[comp.editors] Multiple line regexps

soh@andromeda.trl.OZ.AU (kam hung soh) (06/03/91)

I would like to write a regular expression which can look for patterns
longer than one line.  For example, I want to find the first line of
each paragraph.  If I try this regexp in grep or awk, /^$^.+$/, nothing
happens.  Admittedly, I could replace newlines with a unique character
say '~', before I process my file, but I wondered if regexps can be used
across a newline boundary.

Regards,


Soh, Kam Hung      email: h.soh@trl.oz.au     tel: +61 3 541 6403 
Telecom Research Laboratories, POB 249 Clayton, Victoria 3168, Australia 

tchrist@convex.COM (Tom Christiansen) (06/03/91)

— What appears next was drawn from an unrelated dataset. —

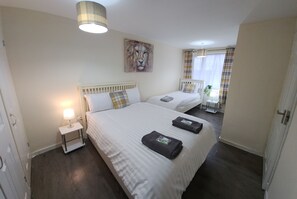 Hus | 3 soverom, strykejern/-brett, wi-fi (inkludert) og sengetøy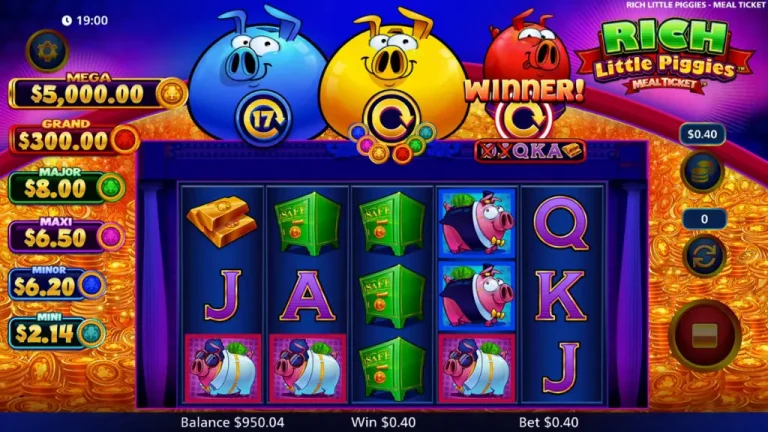 Rich Little Piggies - Game screenshot with meal ticket bonus.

From the keyboard of soh@andromeda.trl.OZ.AU (kam hung soh):
:I would like to write a regular expression which can look for patterns
:longer than one line.  For example, I want to find the first line of
:each paragraph.  If I try this regexp in grep or awk, /^$^.+$/, nothing
:happens.  Admittedly, I could replace newlines with a unique character
:say '~', before I process my file, but I wondered if regexps can be used
:across a newline boundary.

Not in most text processing languages, but I'll offer two alternatives.

Rob Pike once explained to me that his screen editor, sam, could handle
such things because it doesn't have hard-wired in what a line is.  Sadly,
sam is not available for free (although it's probably cheap from the 
AT&T toolbox) so I've not used it.  Perhaps someone who has might comment.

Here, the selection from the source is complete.